With the ongoing uncertainty in my current job I'm leafing through my options and one of them is whale watching.
I worked as an onboard biologist for one season out of Victoria and, like any job, it had its low points but looking back I remember spending my day roaming around a gorgeous bit of the world looking at orcas and other marine life.
That sounds all right.
I always seem to find an ethical problem in my paid pursuits. With whale watching I had trouble feeling good about being part of a fleet of high-powered motor boats following a pod of endangered whales around day in and day out.
There are two kinds of orcas seen in the Pacific northwest – residents and transients.
Residents are large family groups of killer whales that eat salmon exclusively. There are three resident pods that stick around the Coast Salish Sea between Seattle in the south and the Georgia Strait up to about Vancouver in the north, with lots of roaming beyond that home area.
I've been keeping an eye on the industry and noted a few births in the resident pods this year. That's good news as this group is listed as endangered with just under 90 whales divided between three pods. The two biggest threats to the animals are pollution and dwindling salmon stocks.
The baby above was born the year I was on the water, 2006.

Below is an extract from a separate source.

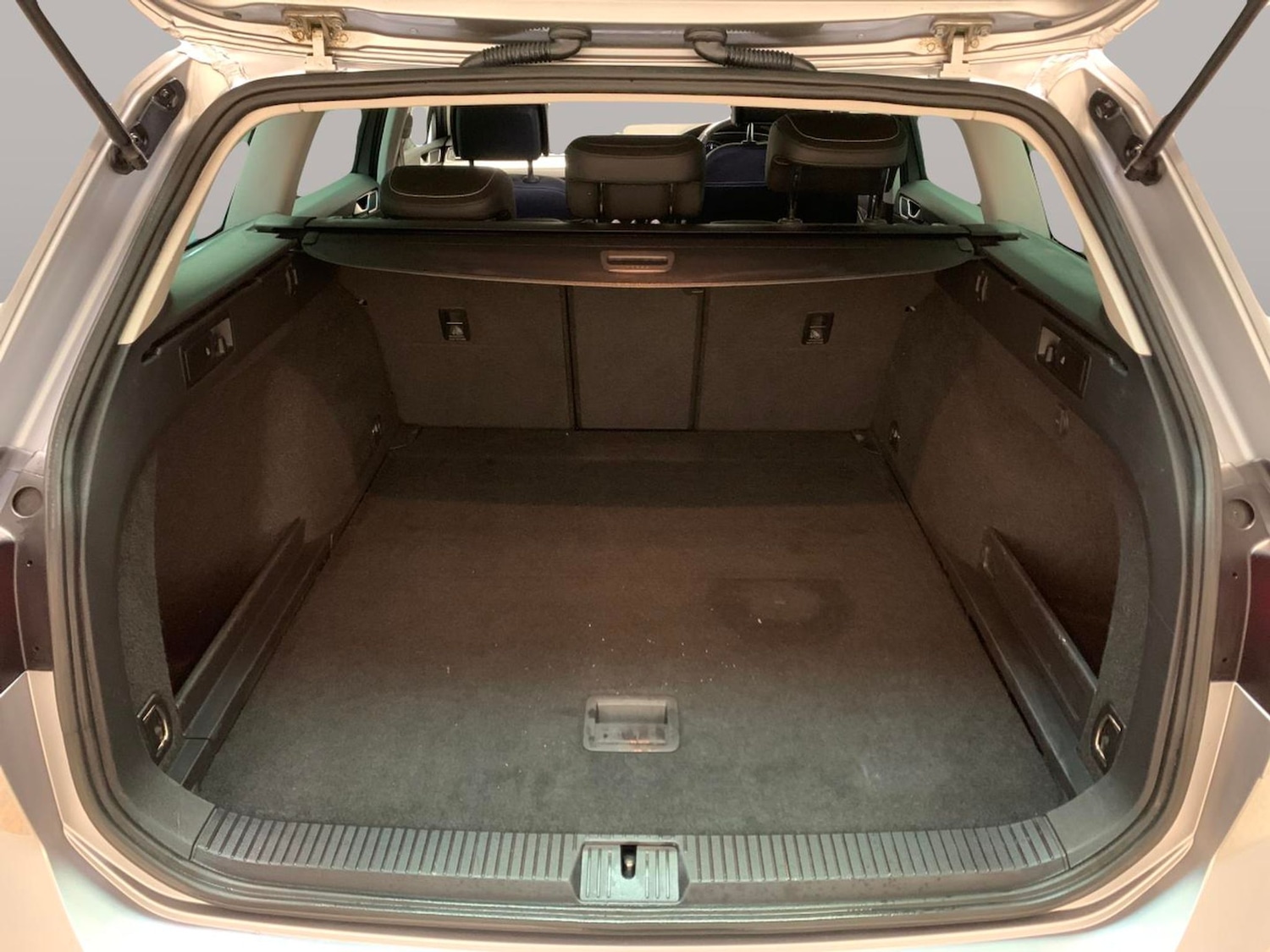 Used Volkswagen Passat 2020 for sale - 77648557: Photo 30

This spring there have been a lot of transient killer whale sightings. The transients travel far and wide in smaller groups (often a single female with one or two of her offspring, or lone males) and hunt marine mammals.
The most interesting website I came across is the Cascadia Research project that's following the movements of the transients here.
The other whales commonly seen in this region are the minke, grey and humpback whales, baleen feeders that strain small sea life through what amounts to sieves in their mouths.
This is the nose of a mature female humpback whale. She hung out between Victoria Harbour and Race Rocks with her calf for several weeks in October 2006.
There was a grey whale sighting in the Alberni Inlet just a few weeks ago. Highly unusual but indicates the health of the formerly industrial waterfront is improving.
The paper mill used to dump wood fibre into the Inlet and it formed a thick mat on the ocean floor, choking out life. A few years back people looked into whether it could be removed as a restoration project but found that now a new layer has settled over top and marine life has colonized this sub-sea floor again. Disturbing the new habitat would be too damaging, they decided.
Grey whales scoop mud from the bottom and strain the edible bits out of it. I wonder if that whale was able to do that or if it left the Inlet hungry.